The species is extensively documented on reddish slabs of Precambrian argillite in southwestern Alberta, Canada. These locations are known for their accessibility even in midwinter and for the flatness of the rock, which is ideal for scientific study. Rhizocarpon superficiale forms populations on Table Mountain and Prairie Bluff, thriving in conditions where wind exposure maximises sun and air exposure, reducing snow cover and enhancing its survival and growth.

Ecologically, Rhizocarpon superficiale inhabits a niche that allows it to experience a microclimate significantly warmer than the ambient air due to its proximity to the ground. This boundary-layer environment moderates extreme temperatures that might otherwise be detrimental to the lichen. The lichen's ability to endure and adapt to rapid temperature changes and hydration levels is critical for its survival in these alpine conditions.

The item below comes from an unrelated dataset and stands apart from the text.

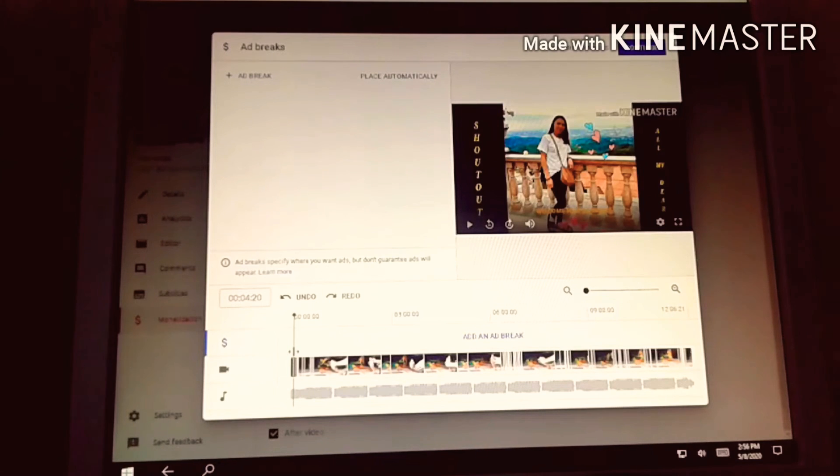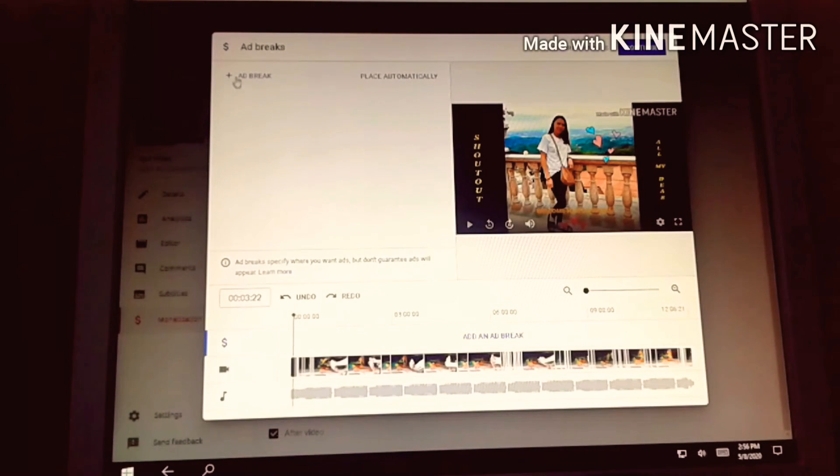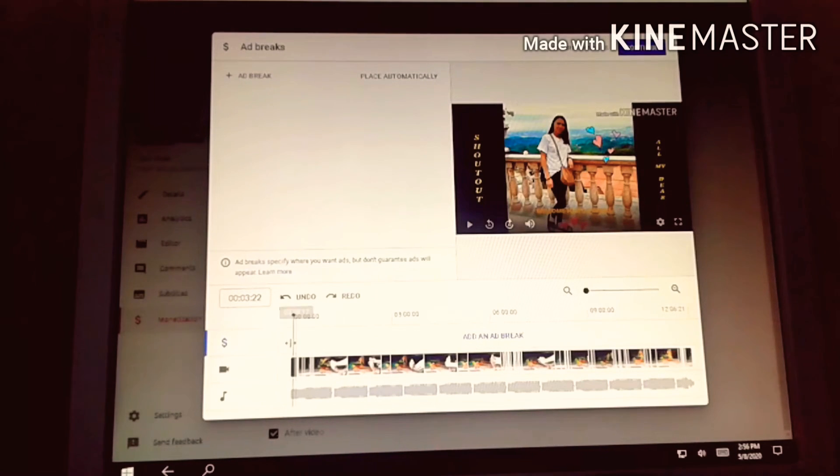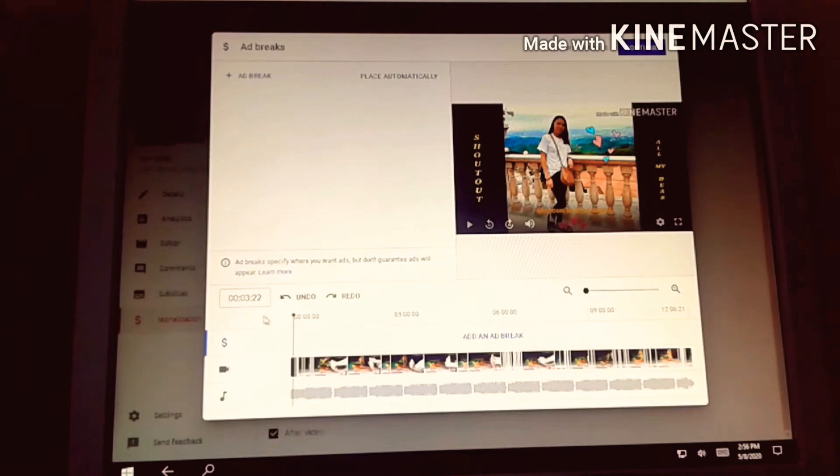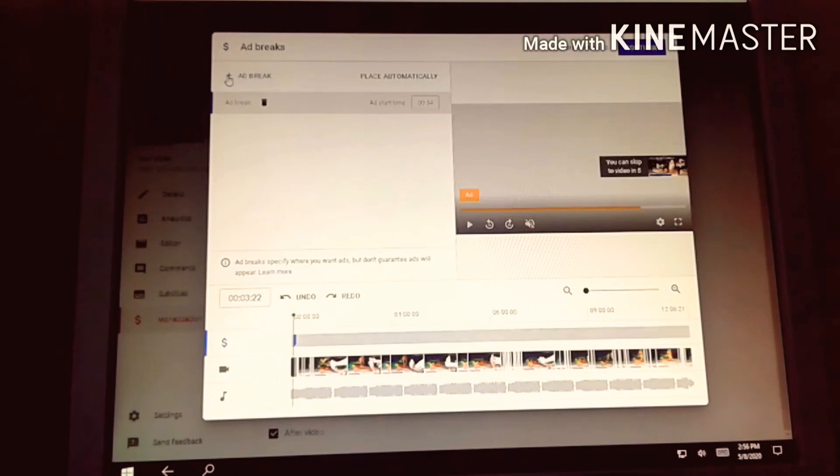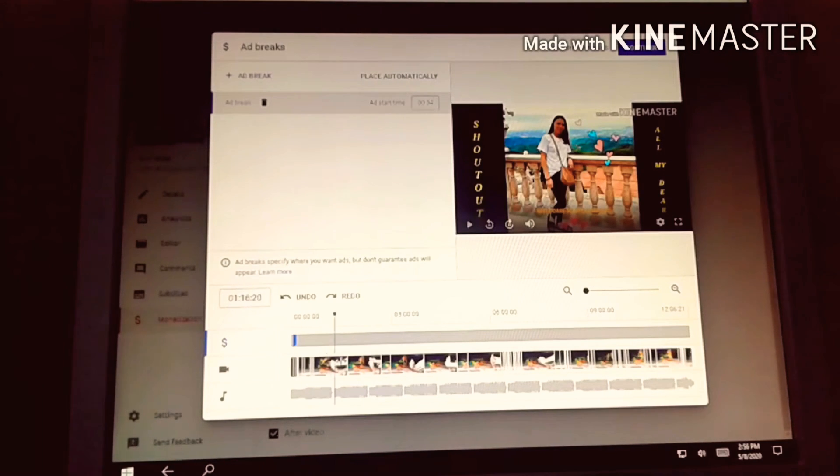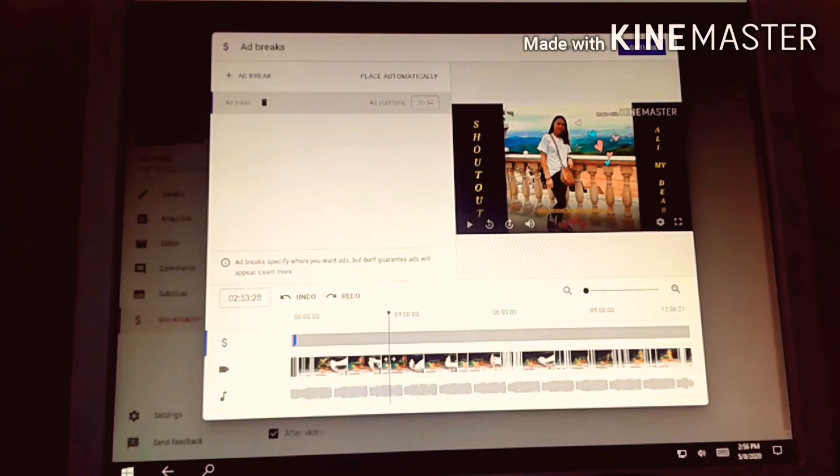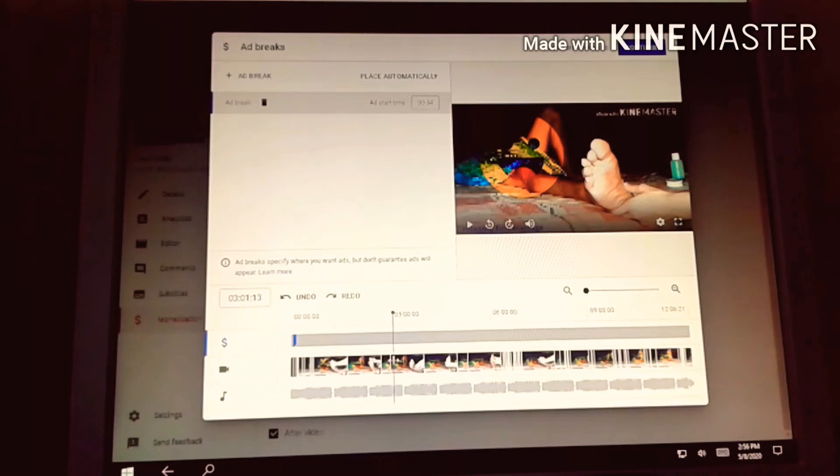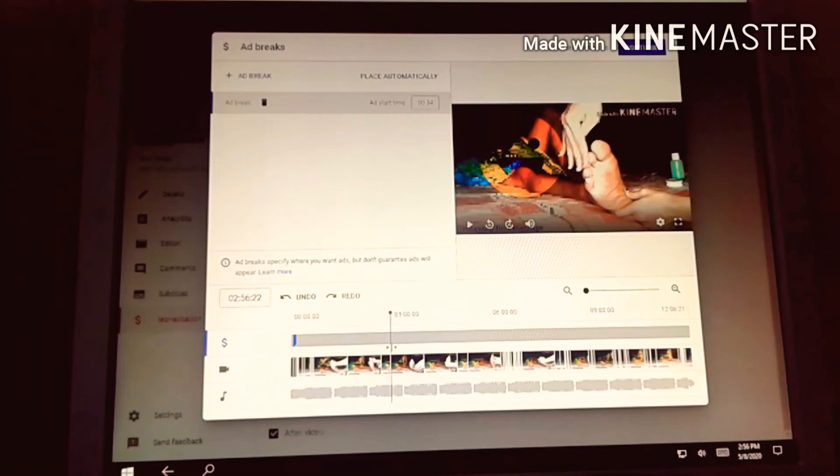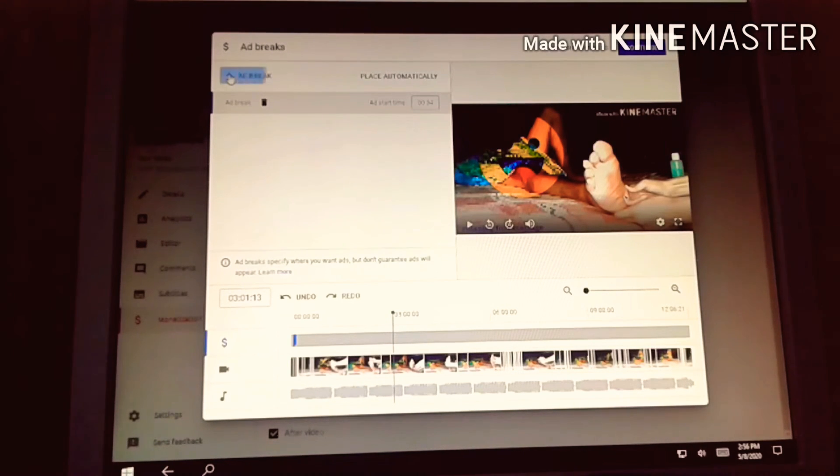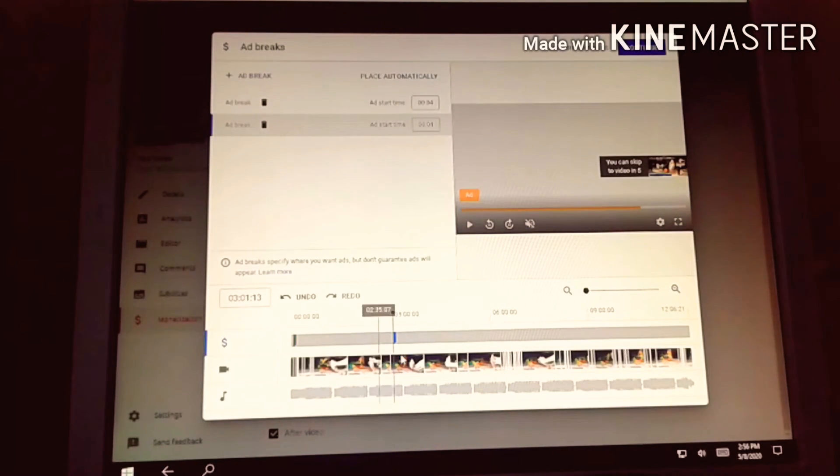First, you drag this to find where you want it, I want it at 0 seconds. You don't have to click ad break yet, depends on you if you want to click ad break or drag first. I placed this at 0 minutes 3 seconds, then add break. Next I'll go to the line here, about 3 minutes mark.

During chinook wind events, for instance, the lichen experiences swift transitions from heavy snowfall to melting conditions, leading to brief but significant periods of hydration essential for photosynthesis and carbon gain throughout the year.

This lichen's ecological success is further evidenced by its ability to remain hydrated across all seasons, a rarity in alpine environments where low temperatures typically prevail. The periods of hydration, crucial for the lichen's metabolic processes, occur during varied weather patterns, including the unpredictable chinook winds which dramatically alter the microclimate.

Rhizocarpon superficiale is host to the lichenicolous fungus species Muellerella pygmaea.